*RECORDS FOR PROCESSING*
········
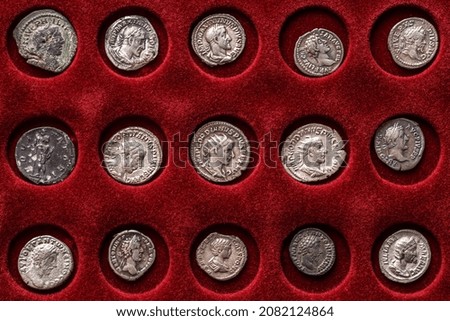 Numismatics.Authentic silver denarius, antoninianus of ancient Rome. A collector holds an old coin.Ancient coin of the Roman Empire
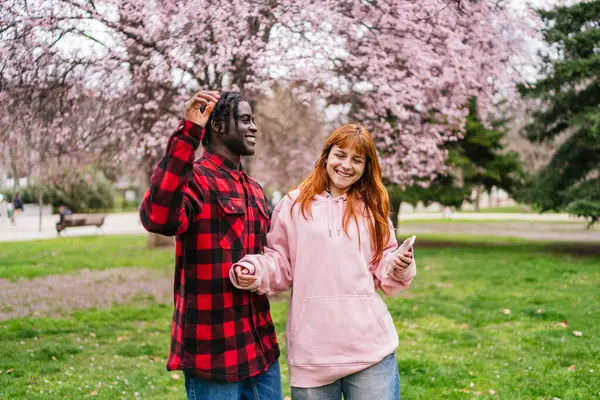 Renklerle dolu manzaralı bir parkta müzik ritmine göre hareket eden neşeli bir çift. Enerji ve mutluluk kavramı.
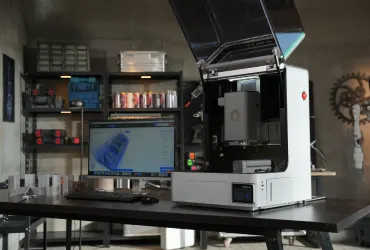 Biurkowa frezarka CNC NestWorks C500 z otwartą pokrywą w warsztacie, obok monitor z programem NestStudio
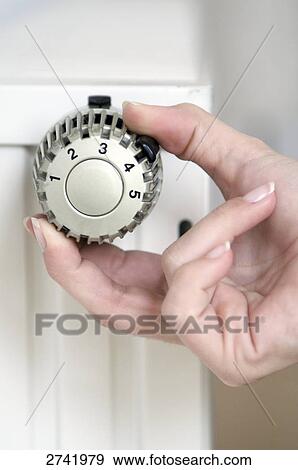 Stock Photo - Close-up of woman's hand adjusting knob . Fotosearch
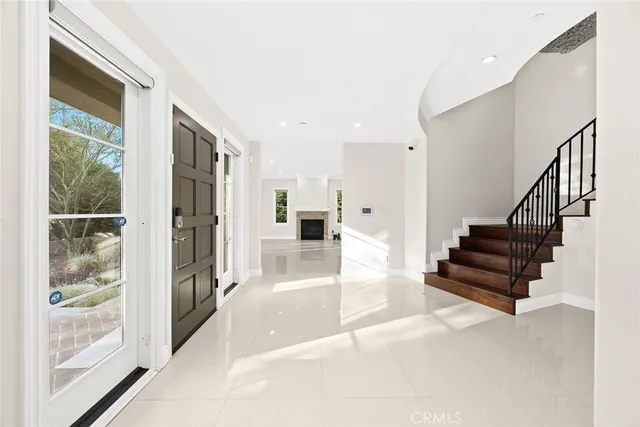 a view of entryway and hall with wooden floor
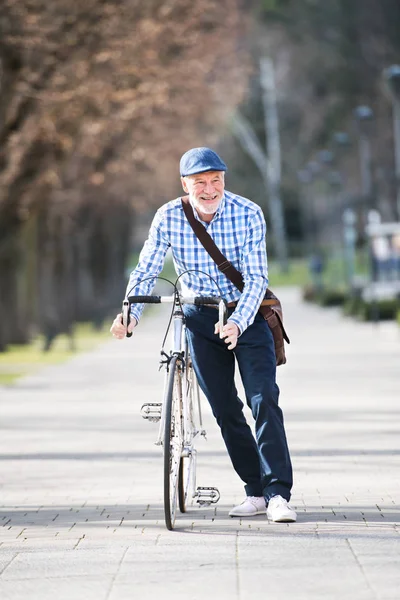 Senior man in blauwe ingecheckte shirt met fiets in de stad. — Stockfoto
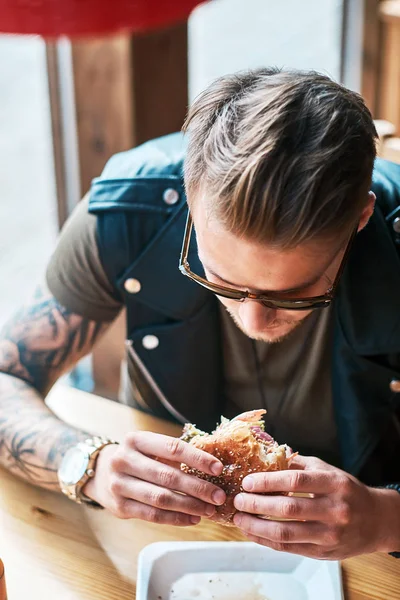 Portrait d'un hipster affamé avec une coupe de cheveux et une barbe élégantes assis à une table, a décidé de dîner dans un café en bord de route, en mangeant un hamburger . — Photo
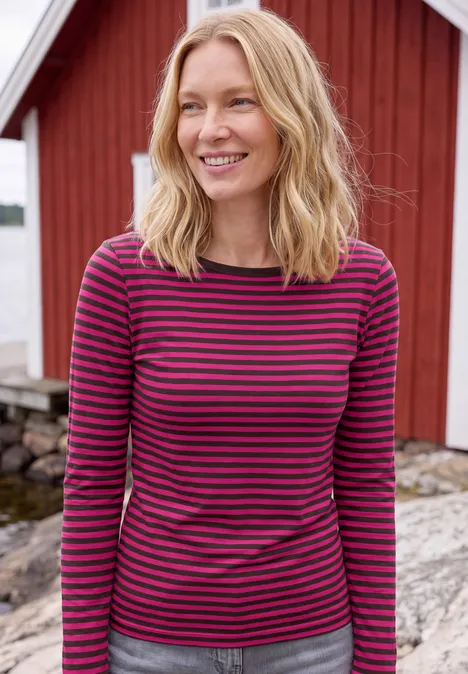 Shirt met lange mouwen, boothals en strepen pink flash Een lachende vrouw in een roze-paars gestreept shirt voor een rood houten huis aan het water.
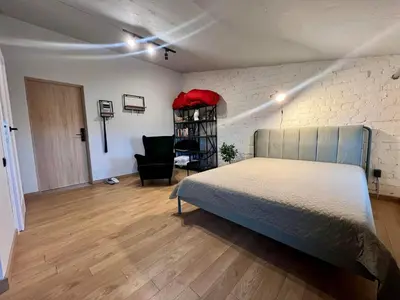 a bedroom with a bed and a chair in it at Apartamentai Kauno centre in Kaunas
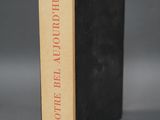 an old book sitting on top of a table next to a gray background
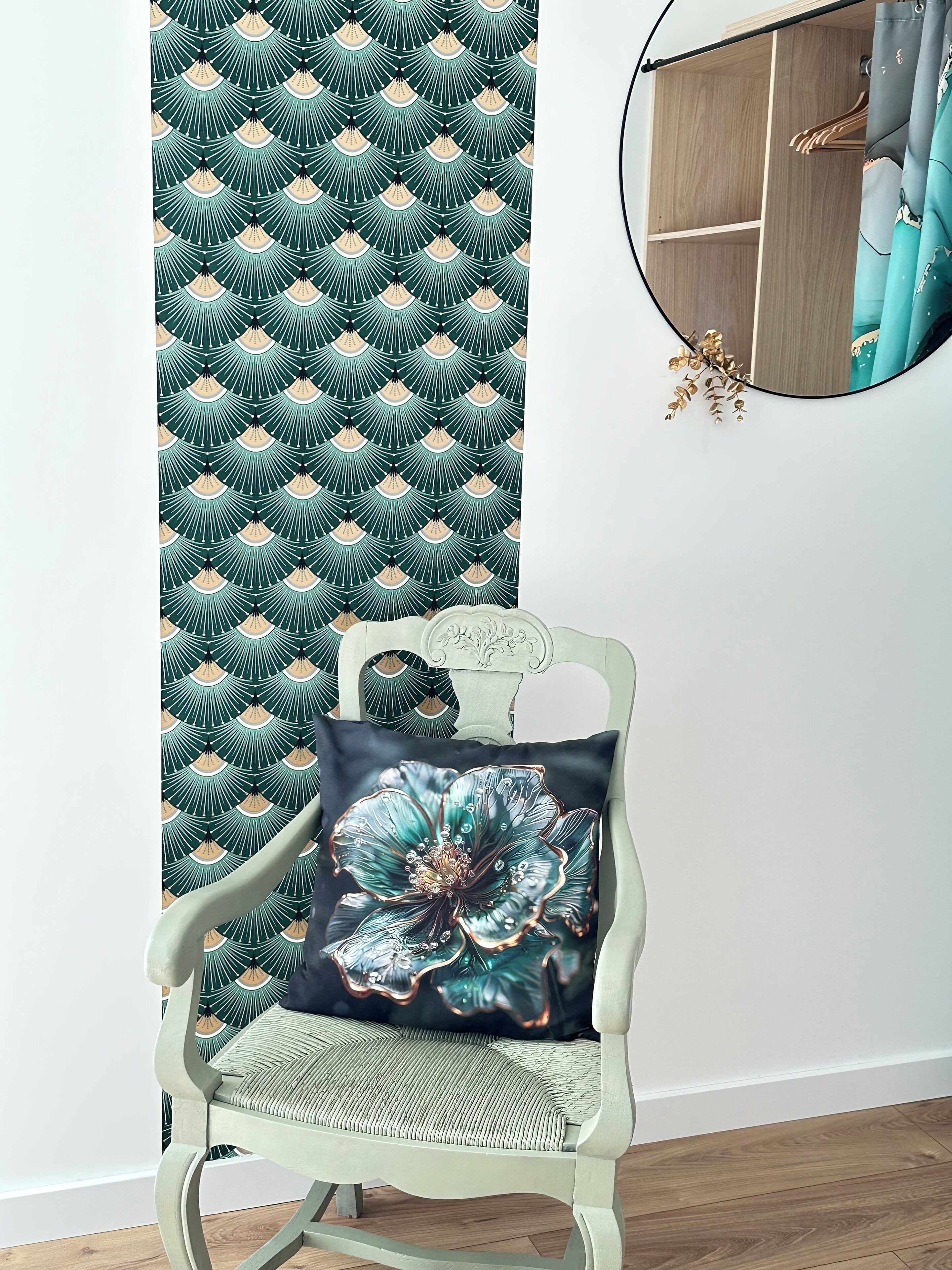 A chair with a cushion featuring a large flower design, positioned in front of a wall with a green and beige pattern.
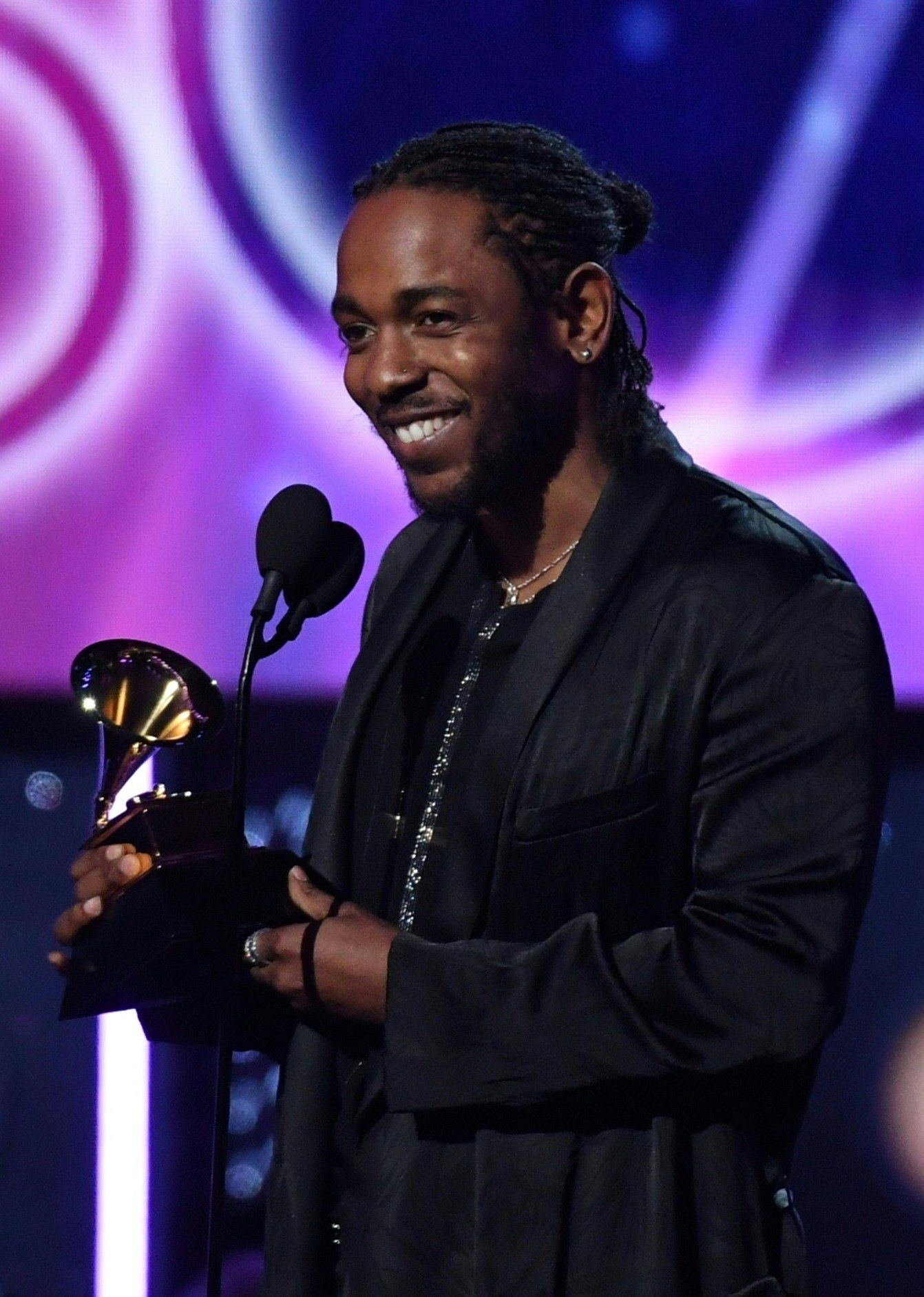 Kendrick receiving an award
········
*YOUR TASK*
The copy should hold exactly the lines above from the one with "Portrait d'un hipster" through the one with "an old book", both ends counted, and no pictures at all.

*RESPONSE*
 Portrait d'un hipster affamé avec une coupe de cheveux et une barbe élégantes assis à une table, a décidé de dîner dans un café en bord de route, en mangeant un hamburger . — Photo
 Shirt met lange mouwen, boothals en strepen pink flash Een lachende vrouw in een roze-paars gestreept shirt voor een rood houten huis aan het water.
 a bedroom with a bed and a chair in it at Apartamentai Kauno centre in Kaunas
 an old book sitting on top of a table next to a gray background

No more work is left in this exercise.